Nebraska LB 767 Nebraska introduced licensing legislative relating to home inspectors. LB 767 was introduced by Sen. Bourne. The bill requires home inspectors to be licensed by the state, sets the duties and powers of the Home Inspector Regulatory Board, sets the fees for licensure and allows for civil action against home inspectors. On February 13, the Health and Human Services Committee held a public hearing on LB 767.
According to the office of the Health and Human Services Committee, LB 767 may not be passed out of Committee. Though this bill is not officially ‘dead’, it is being held, which disallows further action to be taken.
New Jersey A567/S1685 As we reported, NJ ASHI members were fighting these amendments as major attacks on consumer protection. On March 20 the Senate passed an amended version of S1685, effectively removing the most onerous amendments. NJ ASHI members have declared victory. However, the bill must go back to the Assembly in May where it faces attach again. It’s fate is unknown. Stay tuned for more.

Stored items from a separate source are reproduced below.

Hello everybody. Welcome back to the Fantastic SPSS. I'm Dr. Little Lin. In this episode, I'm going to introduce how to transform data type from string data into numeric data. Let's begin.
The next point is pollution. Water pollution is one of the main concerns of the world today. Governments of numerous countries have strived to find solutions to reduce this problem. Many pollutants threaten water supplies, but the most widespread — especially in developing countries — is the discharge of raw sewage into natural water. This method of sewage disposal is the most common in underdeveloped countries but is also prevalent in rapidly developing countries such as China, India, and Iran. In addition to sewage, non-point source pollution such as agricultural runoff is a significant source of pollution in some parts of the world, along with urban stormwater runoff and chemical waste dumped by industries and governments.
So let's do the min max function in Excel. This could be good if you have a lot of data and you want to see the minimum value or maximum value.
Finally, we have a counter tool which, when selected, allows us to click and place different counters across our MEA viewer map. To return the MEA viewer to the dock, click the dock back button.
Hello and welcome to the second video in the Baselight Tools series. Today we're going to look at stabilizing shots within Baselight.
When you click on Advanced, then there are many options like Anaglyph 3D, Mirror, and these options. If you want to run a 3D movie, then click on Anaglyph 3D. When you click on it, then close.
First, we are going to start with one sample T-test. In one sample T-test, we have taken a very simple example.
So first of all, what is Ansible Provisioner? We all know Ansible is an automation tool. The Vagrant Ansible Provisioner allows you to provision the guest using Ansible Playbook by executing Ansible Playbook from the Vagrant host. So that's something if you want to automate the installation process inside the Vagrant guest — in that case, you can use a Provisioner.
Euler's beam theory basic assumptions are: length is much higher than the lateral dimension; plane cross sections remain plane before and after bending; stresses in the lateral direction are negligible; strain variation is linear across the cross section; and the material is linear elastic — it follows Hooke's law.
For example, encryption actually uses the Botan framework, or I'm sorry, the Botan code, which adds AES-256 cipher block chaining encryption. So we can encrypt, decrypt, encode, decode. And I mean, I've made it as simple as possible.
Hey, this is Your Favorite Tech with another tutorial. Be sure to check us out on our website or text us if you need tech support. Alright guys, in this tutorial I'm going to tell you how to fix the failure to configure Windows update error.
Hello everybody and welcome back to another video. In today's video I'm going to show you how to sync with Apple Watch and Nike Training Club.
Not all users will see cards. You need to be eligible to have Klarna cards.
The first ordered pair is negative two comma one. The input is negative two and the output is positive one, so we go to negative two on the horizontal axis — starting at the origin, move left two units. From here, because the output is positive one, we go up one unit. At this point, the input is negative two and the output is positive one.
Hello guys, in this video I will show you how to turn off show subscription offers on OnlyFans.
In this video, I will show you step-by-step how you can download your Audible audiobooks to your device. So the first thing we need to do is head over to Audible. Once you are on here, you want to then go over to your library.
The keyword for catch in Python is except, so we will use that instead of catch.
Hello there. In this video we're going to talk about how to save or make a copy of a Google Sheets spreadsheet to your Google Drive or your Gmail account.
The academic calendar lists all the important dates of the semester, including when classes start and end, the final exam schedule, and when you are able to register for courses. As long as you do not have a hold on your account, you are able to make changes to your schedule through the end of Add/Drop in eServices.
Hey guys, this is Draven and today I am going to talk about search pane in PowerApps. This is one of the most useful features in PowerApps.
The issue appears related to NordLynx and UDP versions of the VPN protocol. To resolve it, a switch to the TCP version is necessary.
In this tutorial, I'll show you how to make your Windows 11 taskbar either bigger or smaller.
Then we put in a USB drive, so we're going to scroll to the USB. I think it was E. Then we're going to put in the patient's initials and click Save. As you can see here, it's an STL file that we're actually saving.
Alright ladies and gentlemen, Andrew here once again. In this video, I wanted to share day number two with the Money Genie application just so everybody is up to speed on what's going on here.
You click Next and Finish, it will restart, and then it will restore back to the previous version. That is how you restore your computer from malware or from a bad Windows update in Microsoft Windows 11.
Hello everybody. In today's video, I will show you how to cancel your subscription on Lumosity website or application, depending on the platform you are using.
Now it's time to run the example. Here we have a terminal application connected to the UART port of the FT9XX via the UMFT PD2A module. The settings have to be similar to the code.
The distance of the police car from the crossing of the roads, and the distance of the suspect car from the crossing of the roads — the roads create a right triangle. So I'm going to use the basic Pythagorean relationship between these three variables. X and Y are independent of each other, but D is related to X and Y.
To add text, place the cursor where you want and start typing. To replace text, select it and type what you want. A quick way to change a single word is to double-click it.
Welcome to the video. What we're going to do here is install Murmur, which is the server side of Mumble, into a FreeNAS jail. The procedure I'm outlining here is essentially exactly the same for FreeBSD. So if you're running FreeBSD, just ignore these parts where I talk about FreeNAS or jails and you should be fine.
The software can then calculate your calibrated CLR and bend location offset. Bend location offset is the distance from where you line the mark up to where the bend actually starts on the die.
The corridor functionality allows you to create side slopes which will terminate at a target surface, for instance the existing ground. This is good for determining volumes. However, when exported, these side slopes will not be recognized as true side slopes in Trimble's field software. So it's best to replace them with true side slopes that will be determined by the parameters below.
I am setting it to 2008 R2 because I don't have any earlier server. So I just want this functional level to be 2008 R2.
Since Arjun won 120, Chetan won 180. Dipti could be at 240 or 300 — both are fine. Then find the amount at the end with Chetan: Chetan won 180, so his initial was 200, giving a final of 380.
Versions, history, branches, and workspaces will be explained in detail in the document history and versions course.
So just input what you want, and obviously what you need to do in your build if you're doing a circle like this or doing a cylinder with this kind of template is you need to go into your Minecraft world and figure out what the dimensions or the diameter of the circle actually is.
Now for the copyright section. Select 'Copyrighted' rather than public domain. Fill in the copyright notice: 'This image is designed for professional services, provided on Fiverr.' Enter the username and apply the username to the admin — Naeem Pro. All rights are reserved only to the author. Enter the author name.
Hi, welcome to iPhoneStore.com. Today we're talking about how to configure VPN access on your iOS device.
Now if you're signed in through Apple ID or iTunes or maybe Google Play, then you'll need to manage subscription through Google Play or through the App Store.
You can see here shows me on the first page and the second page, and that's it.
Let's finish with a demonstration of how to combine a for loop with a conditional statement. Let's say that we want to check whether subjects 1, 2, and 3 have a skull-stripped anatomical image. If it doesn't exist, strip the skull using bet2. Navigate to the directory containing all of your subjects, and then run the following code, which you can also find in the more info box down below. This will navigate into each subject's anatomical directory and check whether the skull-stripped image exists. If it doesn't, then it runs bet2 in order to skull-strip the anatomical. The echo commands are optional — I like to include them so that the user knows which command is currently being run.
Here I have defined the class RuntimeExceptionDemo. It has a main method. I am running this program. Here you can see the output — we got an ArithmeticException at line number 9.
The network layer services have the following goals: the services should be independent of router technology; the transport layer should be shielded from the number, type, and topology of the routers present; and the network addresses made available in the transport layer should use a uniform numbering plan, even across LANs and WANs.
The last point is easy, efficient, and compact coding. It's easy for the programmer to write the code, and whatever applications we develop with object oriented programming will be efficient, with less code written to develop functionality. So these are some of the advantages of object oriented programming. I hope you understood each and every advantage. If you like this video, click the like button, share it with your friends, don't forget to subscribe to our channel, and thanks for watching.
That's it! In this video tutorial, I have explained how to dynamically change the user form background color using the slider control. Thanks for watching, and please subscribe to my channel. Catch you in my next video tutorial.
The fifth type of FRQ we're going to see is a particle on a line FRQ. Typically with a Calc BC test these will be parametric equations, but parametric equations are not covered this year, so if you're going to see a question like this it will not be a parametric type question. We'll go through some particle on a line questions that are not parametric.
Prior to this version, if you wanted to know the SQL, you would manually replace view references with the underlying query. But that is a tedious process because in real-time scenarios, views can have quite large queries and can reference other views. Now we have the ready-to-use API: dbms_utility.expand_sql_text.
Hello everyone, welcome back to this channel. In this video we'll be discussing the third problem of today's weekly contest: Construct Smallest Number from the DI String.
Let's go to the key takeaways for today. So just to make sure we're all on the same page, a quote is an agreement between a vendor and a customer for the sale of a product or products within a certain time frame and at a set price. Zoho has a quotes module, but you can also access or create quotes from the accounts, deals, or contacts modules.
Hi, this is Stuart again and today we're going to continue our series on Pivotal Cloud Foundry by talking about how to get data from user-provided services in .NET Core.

New Mexico SB 589 New Mexico introduced a legislative proposal that would require home inspectors to become licensed. New Mexico’s Bill was introduced by Sen. Joseph Fidel and referred to the Senate Corporations and Transportation Committee. SB 589 provides for the regulation and licensing of home inspectors, and creates the Home Inspector Licensing Board and sets the board’s duties and powers. The bill sets the licensing requirements for home inspectors and allows a client to recover damages for any act or omission of a home inspector relating to a home inspection within one year. It requires a home inspector to obtain insurance or file a bond with the board for expenses and liability resulting in errors and omission or from negligent performance.
The Corporations and Transportation Committee recommended that the bill not be passed. Because of the Committee’s recommendation to not pass the bill, it is ‘dead’ unless Sen. Fidel, the sponsor, requests that it be called up again.
New York A 06478 New York has introduced a second bill to require licensure for home inspectors in the state. However, because of the high volume of bills in the House Judiciary Committee, A06478 will never receive a formal hearing. Rather, the Judiciary Committee Chair will call for a vote on the bill and it will be referred out of committee with a favorable or unfavorable recommendation. This action could occur at any time.
Tennessee SB 882 is a bill which would clarify the remedies for misrepresentation or nondisclosure on residential property statements. Currently, it is not clear that real estate agents and brokers cannot be held accountable, either criminally or otherwise, for misinformation provided by certain professionals, including home inspectors, unless the real estate agent or broker signs the document. SB 822 seeks to clarify that issue.
Utah SB 62 clarifies the practice of home inspections by setting guidelines and definitions, listing exclusions and specifying written home inspection report requirements. The bill sets a code of ethics for home inspectors, makes home inspectors liable for home inspections not performed in compliance with the law and limits the time in which a client may file a grievance. An amended version of the bill was passed by the Senate on February 20. The bill has been sent to the House for consideration.